Uber Drivers – Employee Or Independent Contractor?
By James Sanders, Associate, MST Lawyers
A 2016 decision in the United Kingdom’s Employment Tribunal determined that Uber drivers were to be recognised as “workers” under the Employment Rights Act, National Minimum Wage Act and Working Time Regulation. This decision entitled the drivers to minimum entitlements which included holiday and sick pay as well as breaks.
Uber asserted, at the time, that its drivers were self-employed, as they have no obligation to accept assignments from the company via its app, and can accept work from competitors.
In a recent case, the Fair Work Commission had to consider whether Uber drivers in Australia would be regarded as employees under the Fair Work Act 2009 (Cth) (Act) or independent contractors.

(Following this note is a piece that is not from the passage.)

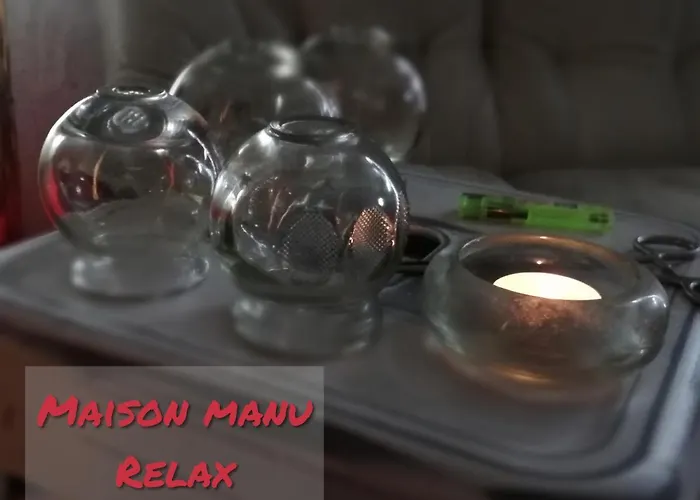 Maison Manu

In December 2017, the Fair Work Commission dismissed an Uber driver’s unfair dismissal application, stating that the Uber driver was not a National System Employee covered by the Act and therefore had no entitlement to lodge an unfair dismissal claim when his service agreement was terminated for poor performance.
The Uber driver urged the Commission to consider the UK decision. However, the Commissioner stated that the UK decision was of ‘no assistance’ due to the legislation at issue being ‘materially different’ to that which governed the case before him.
The Commissioner ultimately decided that the driver was not an employee and reached his decision by agreeing with Uber that the “wages-work bargain” was missing from the relationship and that the “multi-factorial approach to distinguishing an employee from an independent contractor” overwhelmingly pointed away from the relationship being that of an employee/employer.
In his conclusion, the Commissioner noted that these determiners were “developed and evolved at a time before the new “gig” or “sharing” economy” and may be “outmoded in some senses”.
As we move further into the “gig” economy, and with the ongoing global litigation Uber is facing in relation to both the correct classification of its drivers and whether it should be classified and regulated as a Taxi service, it is going to be extremely interesting to see how different countries classify this service.